English engineer Harry Chamberlin developed the first sampler back in the 1940s, and the significance of the invention has grown with each decade. Chamberlain’s secret was it contained a keyboard that could trigger a series of tape decks with the capacity to hold eight seconds of recorded sound, sowing the seed for the future of music.
Further development came in 1969 when English engineer Peter Zinovieff masterminded the first digital sampler, the EMS Musys, and, nowadays, anybody can sample with the technology at hand.
Some of the most recognisable sounds associated with the genre initially had a very different start to life, and here we are looking at the origin stories behind five of the most distinguished samples.
5 of the most popular samples in hip hop:
The Winstons – Amen Brother
‘Amen Brother’ by The Winstons is the most sampled track of all time. However, it’s only a six-second drum break from the original, which has become part of the hip hop vernacular and repurposed a staggering 5,377 different songs.
Everyone from NWA to Salt N Pepa have used it and has even been incorporated by British indie band Oasis which shows how it transcended the genre into the wider cultural sphere.
Beside / Fab 5 Freddy – ‘Change The Beat’
The second most song in sampling history is Beside / Fab 5 Freddy with ‘Change The Beat’. It was initially recorded for the Celluloid label in 1982, and since then, the track has enjoyed thousands of lives thanks to sampling.
In total, the track has been sampled over 2,500 times, and the part of the song you’ll be familiar with is from the end of the Side B version, where the phrase “Ahhhhh, this stuff is really fresh” is spoken.
James Brown – ‘Funky Drummer’
James Brown is a funk legend, and altogether, he is the most sampled artist of all time. No song of his has been used more frequently than ‘Funky Drummer’ with names including Kanye West and Dre among the 1,500 artists that have used it in their work.

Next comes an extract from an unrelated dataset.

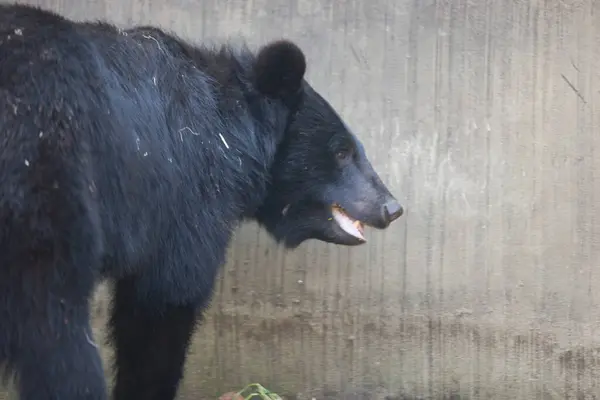 Urso Negro Selvagem Natureza — Fotografia de Stock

Clyde Stubblefield’s drumbeat has been isolated by producers who realised it provides the perfect beat to spit over. Additionally, artists in the pop sphere have also adopted the section, such as Ed Sheeran and Britney Spears.

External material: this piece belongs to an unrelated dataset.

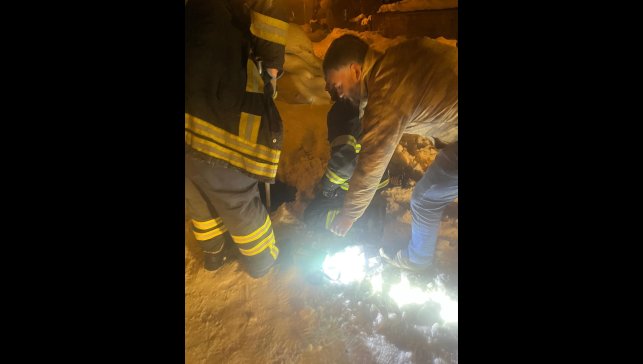 Muş'ta kuyuya düşen köpek kurtarıldı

Public Enemy – ‘Bring The Noise’
Public Enemy knows what makes for a spectacular sample. After all, their track, ‘Bring The Noise’, includes an eye-watering nine, including two efforts from James Brown.
In a fitting turn of events, their sample-heavy song has become one of the most repurposed tracks in hip hop. Famous rappers who have used ‘Bring The Noise’ include Ludacris and Eminem. Most notably, Kanye West included a sample on ‘Everything I Am’ on Graduation.

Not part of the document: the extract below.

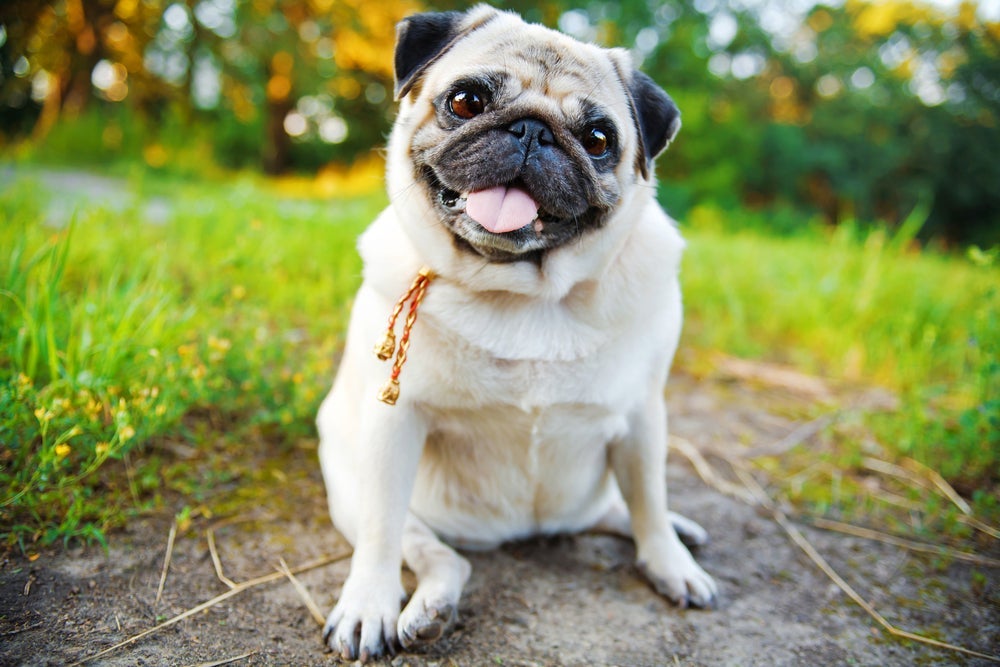 A personalidade do Pug consiste em muita ternura e sociabilidade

Lyn Collins – ‘Think About It’
Lyn Collins’ track ‘Think About It’ is the fifth most used sample in history and was released through James Brown’s People Records in 1972. Brown also added his special touch to the song by producing and writing the funk number.
Kanye West has used the sample on multiple occasions, and other ‘Think About It’ offenders include Run The Jewels, J Dilla, Nicki Minaj, and Janet Jackson. This song is almost certainly a prominent fixture in your record collection, and you didn’t even realise it.